Sammons, tired of the year-in, year-out budget battle with the school administration, started a public hearing on the budget Tuesday night with a call for common sense and recognition that the schools won't face a crisis if the School Board's entire request isn't funded.

The county has increased its support by 145 percent in the past nine years, he said.

But his sentiments fell on mostly deaf ears in the Franklin County High School auditorium.

Of the 300 or so who attended the hearing, about 290 raised their hands in support of the full School Board budget request. They clapped resoundingly time after time when speakers hammered home key points.

Bill Keller, an insurance agent from Boones Mill who has two children in the schools, got a raucous response when he focused on Sammons' statement about the 145 percent funding increase.

"Well, we went from hardly anything to barely enough," Keller said of the county's history of supporting its schools.

Keller and others pointed out that the county still ranks among the lowest in the state in spending per pupil.

Demas Boudreaux, the junior class president at Franklin County High School, asked the supervisors to look around and assess the condition of the auditorium.
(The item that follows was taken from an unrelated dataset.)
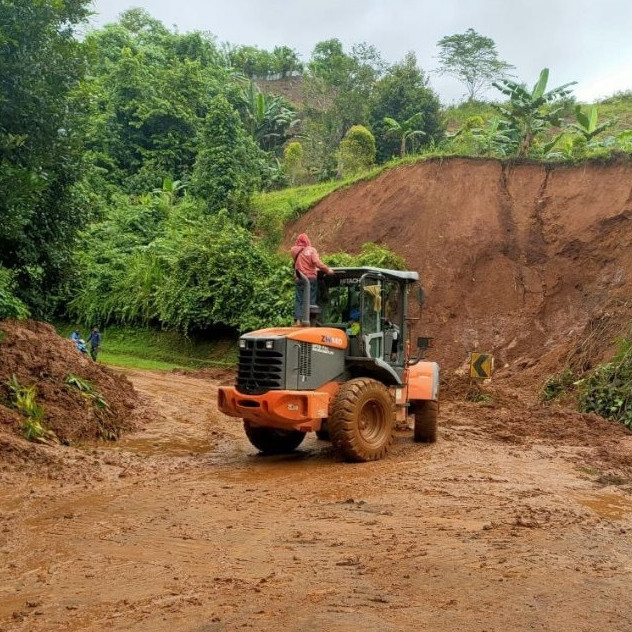 Sempat Terputus Akibat Gempa Sulbar, Jalur Darat Majene-Mamuju Kembali Pulih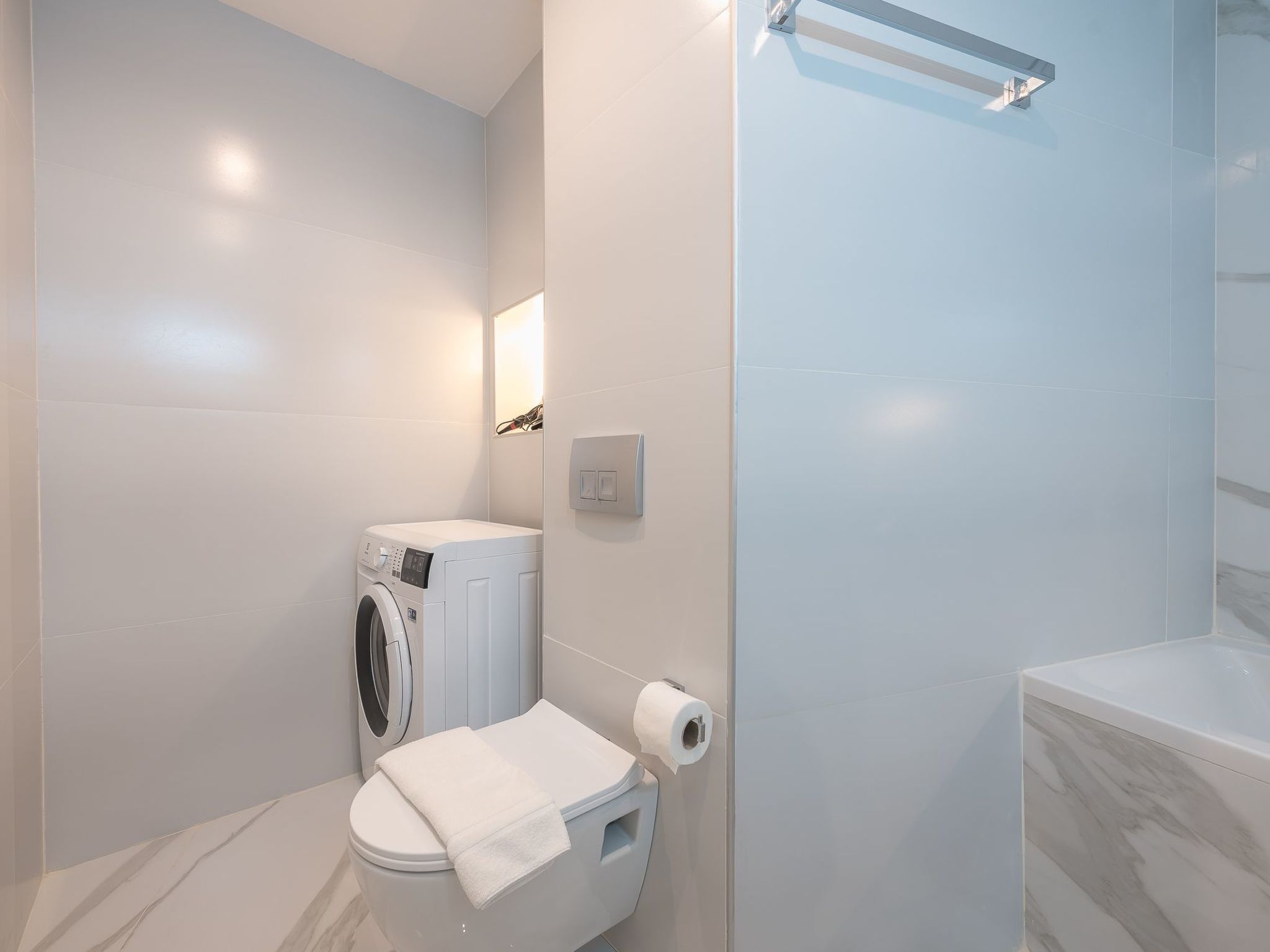 Stilvolle 2 Schlafzimmer, nur wenige Schritte von Fokionos Negri-Binnen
"People come and sit in these hard seats, and the first thing they think about is y'all," he said, drawing laughs from the crowd.

One man, though, spoke a different view.

Lester Thompson of Ferrum carried a copy of Gereau's contract to the podium.

He noted a number of Gereau's perks and said the schools might be in better shape if the superintendent didn't receive more than $100,000 a year in salary and benefits.

"All the money is dumped in one spot," he said. "One man is getting it all."

Several people in the audience heckled Thompson.

"What does this have to do with the budget?" one woman shouted.

The supervisors will meet next Wednesday to approve the 1997-98 budget.